12. Warden Job Magara (PW5), the Deputy Investigations Officer for Wildlife Crime, testified that on January 25, 2022, he was asked by Corporal Anthony Ndung'u to photograph exhibits related to police case No. 172/27/2020. He photographed a motorcycle, a brown bag containing a gunny bag, newspapers, black paper, and two ivory tusks. He took ten photographs in total, including one showing the motorcycle with registration number KMDF 009F and frame number MD2A21BZ3DW181824. He submitted these photographs and the certificate of the photographs as prosecution exhibits.

13. Warden Job Magara (PW5), the Deputy Investigations Officer for Wildlife Crime, testified that on January 25, 2022, he was asked by Corporal Anthony Ndung'u to photograph exhibits related to police case No. 172/27/2020. He photographed a motorcycle, a brown bag containing a gunny bag, newspapers, black paper, and two ivory tusks. He took ten photographs in total, including one showing the motorcycle with registration number KMDF 009F and frame number MD2A21BZ3DW181824. He submitted these photographs and the certificate of the photographs as prosecution exhibits.

14. Corporal Anthony Mbau (PW6), the investigating officer, testified that on June 23, 2020, he received intelligence about a plan to sell elephant tusks. This led him, PW1, and PW2 to the Karen Shell Petrol Station, where they saw motorcycle KMDF 009F with Jesse as a passenger. Jesse was intercepted and found with two elephant tusks, while the rider escaped. Using the phone number, the appellant had called Jesse with, they tracked and arrested the appellant in Muguga.

15. PW6's investigation revealed that Jesse had asked the appellant to find a market for the tusks, as the appellant had connections with Chinese buyers. Catherine Kabura was identified as the tusk owner but claimed they belonged to someone named Yvonne, without providing details. PW6 submitted several exhibits, including the brown bag, black nylon, elephant tusks, newspaper wrap, gunny bag, weighing certificate, inventory, log book, and a letter to NTSA. During cross-examination, PW6 confirmed he did not take any photographs at Karen, the motorcycle was registered to another person, and the appellant was tracked using phone number 0729XXXXXX.

16. When put to his defence, the appellant gave sworn testimony. He testified that testified that on June 24, 2020, he was at home in Kerowa Kikuyu and later went to Kanduma Center to buy medicine.
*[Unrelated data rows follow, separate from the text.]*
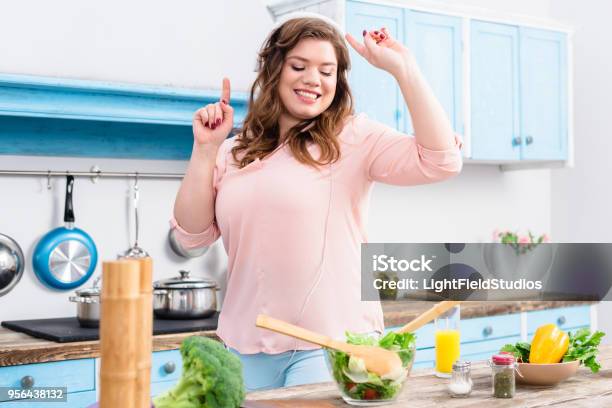 Cheerful Overweight Woman Listening Music In Headphones And Dancing At Table With Fresh Vegetables In Kitchen At Home Stock Photo - Download Image Now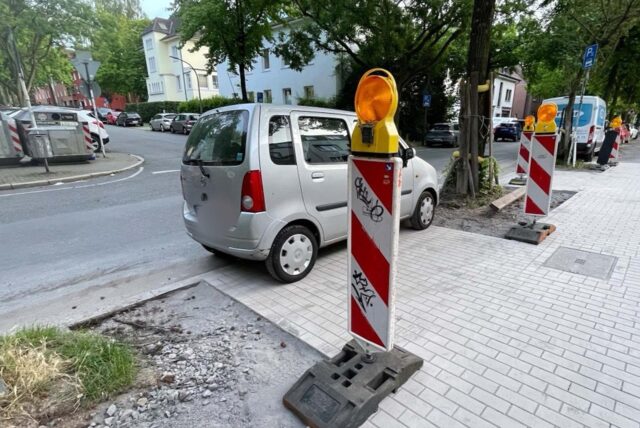 Ein Auto steht zwischen zwei Bäumen. Zwei Schilder sind zu sehen, die noch auf eine Baustelle hindeuten.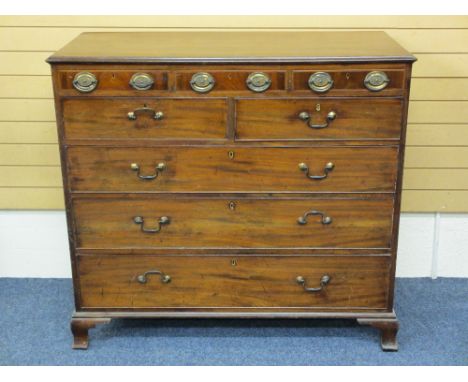 REGENCY MAHOGANY CHEST OF DRAWERS having three slim upper drawers with fancy oval brass plate handles above two short and thr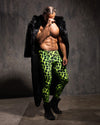 Man wearing neon green leopard print velvet leggings and a black panther fake fur floor length coat against a gray background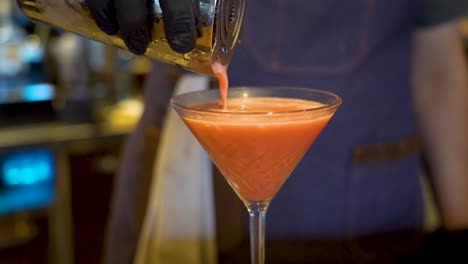 pouring alcoholic orange drink in a bar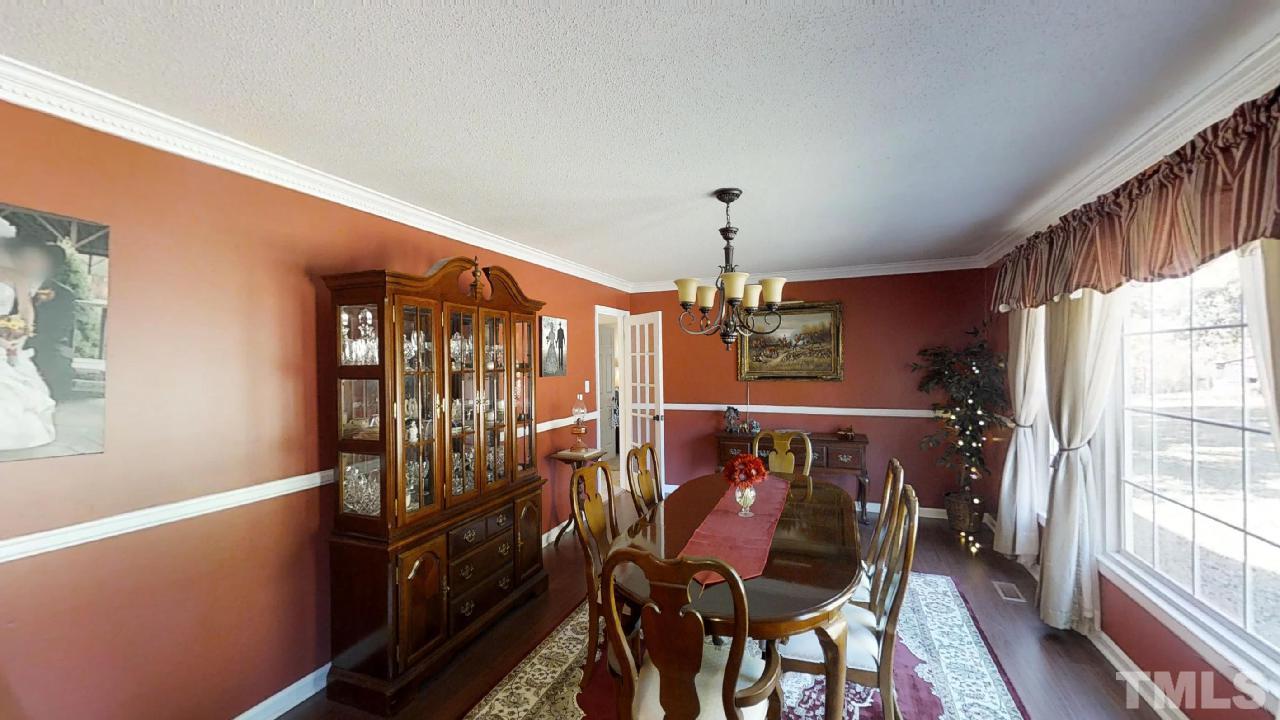 10027 Rougemont Road Bahama, NC 27503 - Photo 4 of 25 a view of a chairs and table in a balcony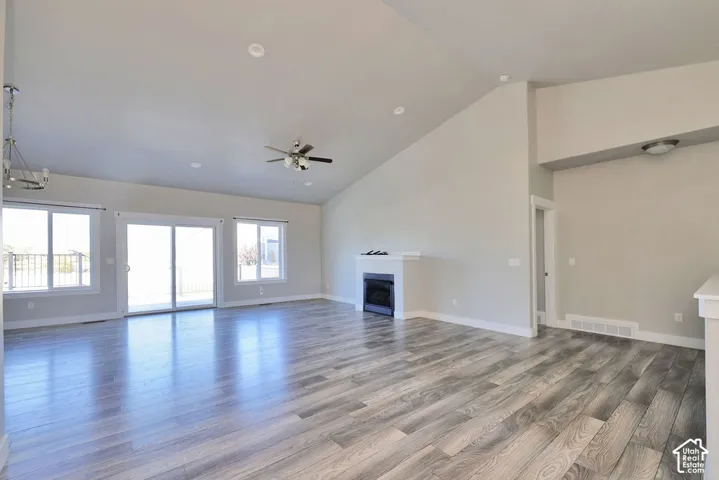 Vaulted ceilings, wood-finish flooring, built-in fireplace, sliding glass door, and recessed lighting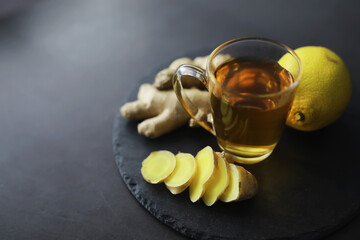 Ginger root whole and sliced. Ginger tea with lemon on the dark background. Fresh ginger root on stone background. Vitamins. Free space for your text.
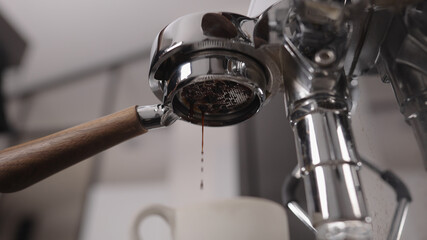low angle shot of espresso pour with naked portafilter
He claimed that he encountered a vehicle with Jesse inside on his way back and was subsequently arrested. He asserted he did not know Jesse prior to the arrest, did not know how to ride a motorcycle, and was not involved with elephant tusks trade or transportation. He stated that no evidence placed him at the scene, the prosecution did not provide call data, and while his phone number is 0729XXXXXXX, he denied calling Jesse on the date in question. He also denied knowing Catherine, the third accused.

17. Jesse Mwangi Karanja (DW1) gave unsworn testimony, stating he was arrested in Kikuyu, Kiambu County, and denied committing the offense. He criticized the prosecution for not providing CCTV footage from the Shell Petrol Station or calling nearby police officers as witnesses. He suggested the tusks presented were not the same ones delivered to the National Museums of Kenya and claimed the case was fabricated. He also noted that the tusks were not dusted for fingerprints.

18. Catherine Kambura (DW3) was initially part of the trial but her lawyer withdrew from representing her when he could not reach her, and this withdrawal was granted by the court.

19. I have carefully considered the record of appeal, submissions by counsel and the law. The grounds of appeal set out elsewhere in this judgment can actually be collapsed into two thematic areas; whether the prosecution proved its case against the appellant beyond reasonable doubt and secondly, whether the sentence imposed on the appellant was warranted.

20. The first issue is whether the offence of dealing in wildlife trophy was proved beyond reasonable doubt. In determining this issue, the court ought to first consider whether the evidence on record established the offence of dealing in wildlife trophy as against the appellant. Section 92(2) provides as follows:“(2)A person who, without permit or exemption issued under this Act, deals in a wildlife trophy, of any critically endangered or endangered species as specified in the Sixth Schedule or listed under CITES Appendix I, commits an offence and shall be liable upon conviction to a term of imprisonment of not less than seven years.”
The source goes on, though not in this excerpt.